Read on to discover 4 ways that you can beat the new credit card fees.
1. Let competition be your friend
The settlement gave retailers the right to charge customers a surcharge for paying with a credit card, but that doesn’t mean that they have to or that they will. Some businesses are bound to think it’s more advantageous to not charge the checkout fee to retain customers. Reward those businesses with your hard earned money.
The only stores that will be able to get away with the checkout fees are ones with limited to no competition nearby. Those types of stores are often ones that exist in extremely rural areas or sell a unique item that you can’t get from your local mass merchandiser. If that’s the case, it’s really more of a convenience fee and some careful planning can help you avoid those stores all together.

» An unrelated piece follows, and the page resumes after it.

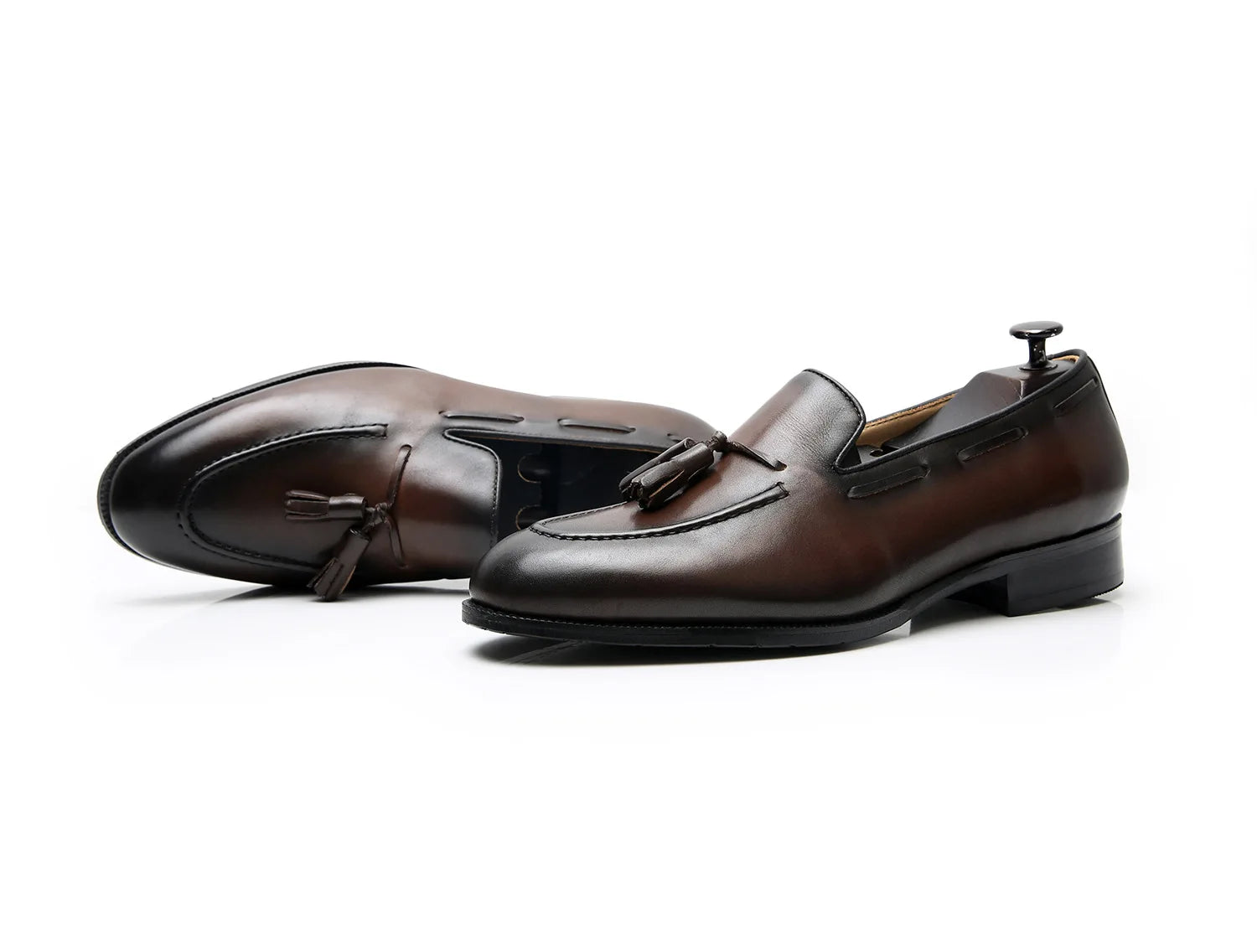 Men’s Genuine Leather Tassel Loafers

2. Resist the urge to use that rewards card
Rewards cards often have the highest interchange fees, so merchants may be hard pressed to soak up the cost of allowing customers to use these types of cards. If that’s the case, you may have to decide if your rewards are worth the extra 4% charge you’ll face at the register. If not, you might want to skip the rewards card and use a plain old credit card instead.
3. Don’t accept the fees just yet
The agreement between various credit issuers is inconsistent, and all of the major credit card companies and merchants have different sets of rules that they need to follow. If a retailer accepts all types of credit cards, they will be allowed to charge a surcharge on Visa and Mastercard, but not American Express. This gets tricky for not only customers, but retailers as well.
It’s not just credit card companies that aren’t pleased with the agreement. Retailers are also unhappy with the way things turned out. Some of the biggest retailers such as Target and Home Depot aren’t on board with the settlement and all of it’s many parts that go far beyond additional fees.
4. Say no to fees
Instead of accepting the fees, choose to do your shopping in a state that banned them. There are 10 states in total that have outlawed these interchange fees. The states are: California, Connecticut, New York, Massachusetts, Maine, Kansas, Colorado, Florida, Oklahoma and Texas. Do your shopping in one of those states if you can and say no to the new fees.
Credit card fees can quickly add up. Get informed of changes headed your way and make a plan to stay ahead of rising costs.